__Work to complete__
For every line of the material below, check for the string "Image" and return the line if it is there.
*** Opening Given data ***
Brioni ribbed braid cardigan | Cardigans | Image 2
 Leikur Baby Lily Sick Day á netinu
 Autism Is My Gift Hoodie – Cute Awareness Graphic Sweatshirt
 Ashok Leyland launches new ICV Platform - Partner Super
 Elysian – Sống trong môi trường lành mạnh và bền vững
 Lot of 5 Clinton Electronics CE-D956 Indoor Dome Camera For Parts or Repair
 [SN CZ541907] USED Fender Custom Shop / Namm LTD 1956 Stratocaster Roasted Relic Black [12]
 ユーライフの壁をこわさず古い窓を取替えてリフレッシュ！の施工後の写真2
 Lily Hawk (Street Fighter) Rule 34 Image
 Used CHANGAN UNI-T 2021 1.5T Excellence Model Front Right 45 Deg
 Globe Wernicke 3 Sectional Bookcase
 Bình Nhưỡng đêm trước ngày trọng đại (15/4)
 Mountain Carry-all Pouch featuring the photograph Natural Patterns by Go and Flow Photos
*** Closing Given data ***
__Response to the exercise__
Brioni ribbed braid cardigan | Cardigans | Image 2
 Lily Hawk (Street Fighter) Rule 34 Image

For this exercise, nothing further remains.